With these technical advances, ultrasound was now an invaluable tool for obstetricians. In addition to enabling the confirmation of normal pregnancies, ultrasound became indispensable in screening for many pregnancy complications and embryonic or fetal anomalies, such as preeclampsia (abnormal maternal blood pressure), ectopic pregnancy (an embryo outside the uterus), renal agenesis (a condition affecting kidney development), and microcephaly and anencephaly (conditions affecting brain and skull development).

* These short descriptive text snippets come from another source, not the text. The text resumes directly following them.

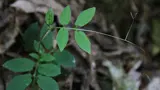Cathedral bells small plant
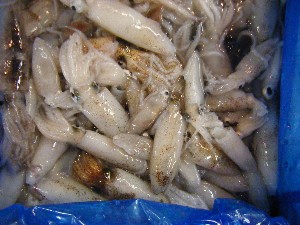 2009/06/26 ���T�̔����ł�_38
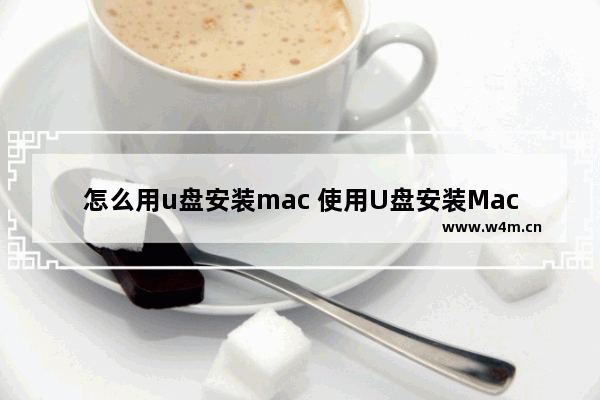 怎么用u盘安装mac 使用U盘安装Mac系统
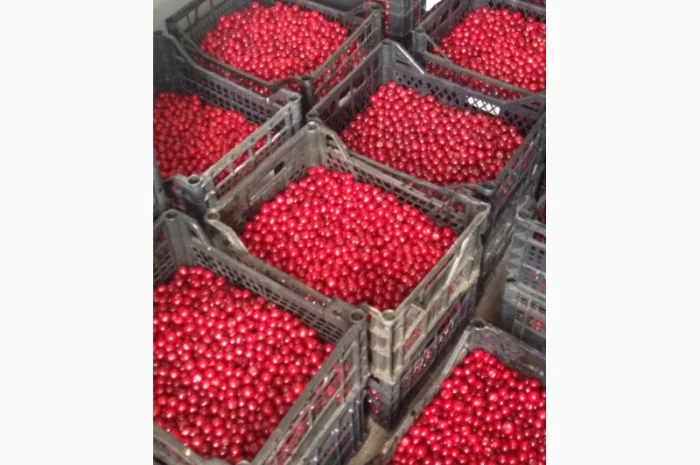 Куплю вишню- фото № 2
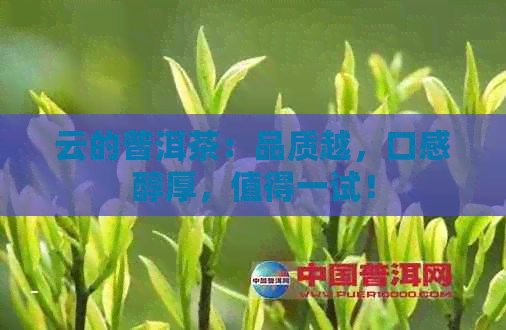 云的普洱茶：品质越，口感醇厚，值得一试！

The Social Significance of a Medical Device: The Uses and Misuses of Ultrasound

In a history of obstetric ultrasound he wrote for a reproductive health journal, Stuart Campbell of London University described Ian Donald as “a most generous and principled man whose anti-abortion stance denied him honours in his own county.” Donald, who was the lead author on the landmark Lancet paper on ultrasound, was also a resolute High Anglican who felt that fetal imagery could have a profound effect on women who were considering abortion.

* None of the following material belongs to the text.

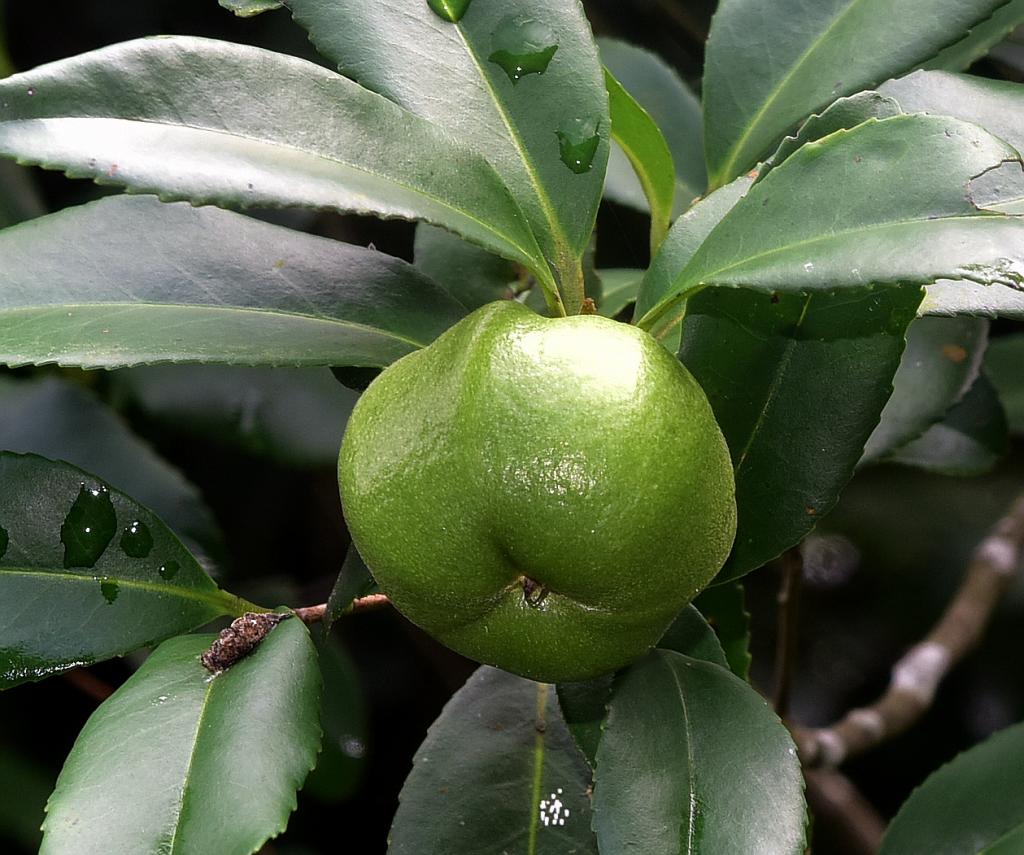 武威山烏皮茶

Mid-1970s promotional mug from Tempe-based ADR and example fetal image. Photo: Anna

Years later, the great leap forward that Martin Wilcox and ADR brought to ultrasound technology would coincide with the ramping up of the abortion debate, when Roe v. Wade went before the Supreme Court in 1973. As the real-time ultrasound that Wilcox pioneered became a staple in prenatal care, abortion opponents embraced the technology, believing that women who saw the fetuses they were carrying would immediately be horrified by the idea of abortion.

This idea gained traction in 1983 with the publication of an article in the New England Journal of Medicine titled “Maternal Bonding in Early Fetal Ultrasound Examinations.” In the article, Drs. John C. Fletcher and Mark I. Evans published accounts of women who had decided against having abortions after seeing their ultrasounds.

By the mid-1990s, many states were putting the idea into legislation, passing bills that forced doctors to show — or at least offer to show — ultrasound images to women who were seeking abortions. According to the Guttmacher Institute, more than half of all U.S. states now impose some form of ultrasound requirement on abortion providers. Arizona is among those states.

While abortion opponents have put a great deal of faith in ultrasound requirements, anecdotes like those published by Fletcher and Evans are by and large the only support they have for the claimed effect of ultrasound imagery. Small studies in Canada and South Africa, as well as a very large study of more than 15,000 medical records from Los Angeles, have confirmed that viewing fetal ultrasounds lacks any significant persuasive power to deter abortion. In the LA study, which examined records from an urban abortion provider, 42.5 percent of patients opted to see their ultrasounds, and out of those patients, 98.4 percent followed through with their abortions as planned.

The LA study was published in the January 2014 issue of Obstetrics & Gynecology. Since its publication, however, forced ultrasound bills have been proposed or introduced in numerous state legislatures, including South Carolina, Colorado, Utah, and Missouri. The persistence of these bills suggests that the legislators behind them have no interest in letting reproductive rights or empirical evidence guide health policy — and that they view lawmaking as little more than an opportunity for cheap moral posturing.

Ultrasound is a powerful tool, with a long history in the care of patients who are on their journey to parenthood. Used by health professionals for the benefit of patients, ultrasound can enable healthy pregnancies and parental joy. But when used as a cudgel by abortion opponents, ultrasound is a reminder to women that their bodies are viewed as political battlegrounds, over which they have limited decision-making powers.

State-mandated ultrasounds don’t uncover medically necessary information. Instead, they point to legislatures that have abandoned science for ideology.